My views about the court case are similar to Rav Ovadia's.

My views in general about the topics involved can be found in the comments here and at this post.

I don't have much more to add, except that it's a very sad day all around.


At Thu Jun 17, 06:04:00 PM 2010, Anonymous Dove said...

Have we learned nothing from all the heartache we have endured as a people?
Isn't it enough to have the whole world against us and trying to destroy us?
We have to stay united if we want to survive.
How can we expect a Geula with Heavenly Mercy if parents would rather go to jail than to put their kids in school with Sefardic kids?
And on top of that demonstrations with hundreds of thousands of people in Bnei Brak in support of these parents, making them look like heroes.
What a sad day for Bnei Yisrael.
We have to put a stop to that kind of Sinat Chinam. That's what caused the destruction of the Beit HaMikdash and our exile to this very day.
This was a test from Ha-shem and once again we failed miserably.
I am afraid to think about what is going to happen next. Ha-shem Yerachem.

At Thu Jun 17, 06:39:00 PM 2010, Blogger yaak said...

Very much agreed.

My hope is that most were protesting against the Baga"tz's decision instead of in support of the parents' decision. It seemed that way from most of the signs held up, but who knows for sure?

At Thu Jun 17, 09:01:00 PM 2010, Anonymous Anonymous said...

may we agree to disagree, in brotherly/sisterly love and unity.

I think the above comments are totally off mark.

the way i was given to understand the situation is that the parents of the charedi girls insist that newcomers to their schools comply with the 'old' rules. e.g. rules regarding tzniut, shabbat, kashrut etc, etc.

it has nothing, NOTHING whatsoever, to do with integration, acceptence or
chulila, chulila, "discrimination".

At Thu Jun 17, 09:35:00 PM 2010, Anonymous Sfaradi said...

The case is very simple:

Only 30% of the school girls can be of Sepharadic origin. It has nothing to do with any Halachic mitzva, pure discrimination with very nice names.

We had a big protest today in favor of Ashkenazi discrimination, whether we like it or not. Some of the protesters were Sepharadic yeshiva boys, who still try to understand what they were doing there.

There are many beautiful things in the world of Torah. This is not one of them. IMHO.

At Thu Jun 17, 11:43:00 PM 2010, Anonymous arita430 said...
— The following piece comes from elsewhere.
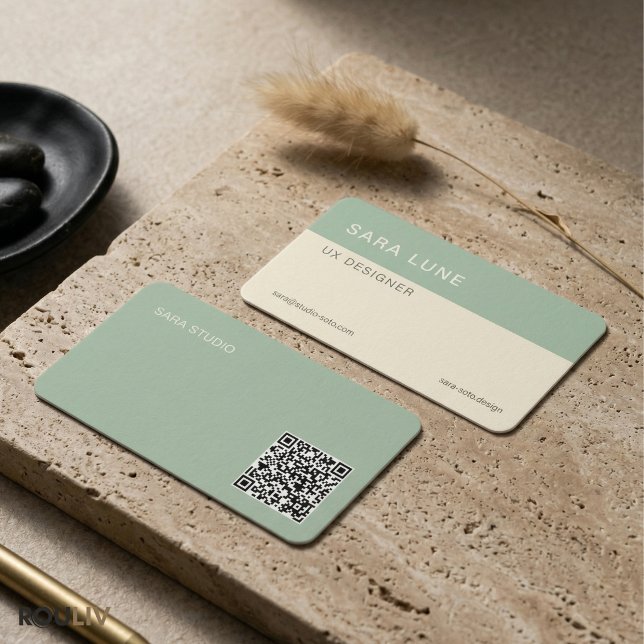 Tarjeta De Visita Sage Green Japandi Minimal QR Code Designer Studio (Sage Green Japandi Minimal QR Code Designer Studio Modern Business Card
)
Actually I would like to correct the discrimination issue. It was not between Sefardim and Ashkenazim. it was between Chassidim and non-Chassidim. A large political issue in EY, In fact this issue on the Chinuch Azmai goes back quite far. If you read the history of the situation, (which i actually found all on the internet), this was the reason why Degel Hatorah was formed, and for good reason. Unfortunately like most Machlokesim and anguish in Klal Yisroel this issue was because of money. Obviously I have a lot more to say, maybe if I get a chance I’ll send you links, most I found (Believe or not) on Wikipedia! I personally believe that the situation spells out the Mishneh in Sotah about Batei Medrashim for Zinus, that for money people will sell their Rabbi! (vs “selling your mother”) Hamevin Yavin. PS. R' Aryeh Deri had a good idea which was mentioned in YWN which I cant figure why nothing like this idea was implemented yet, except for the above reason. Also see my comment there. Thanks for the Great Blog!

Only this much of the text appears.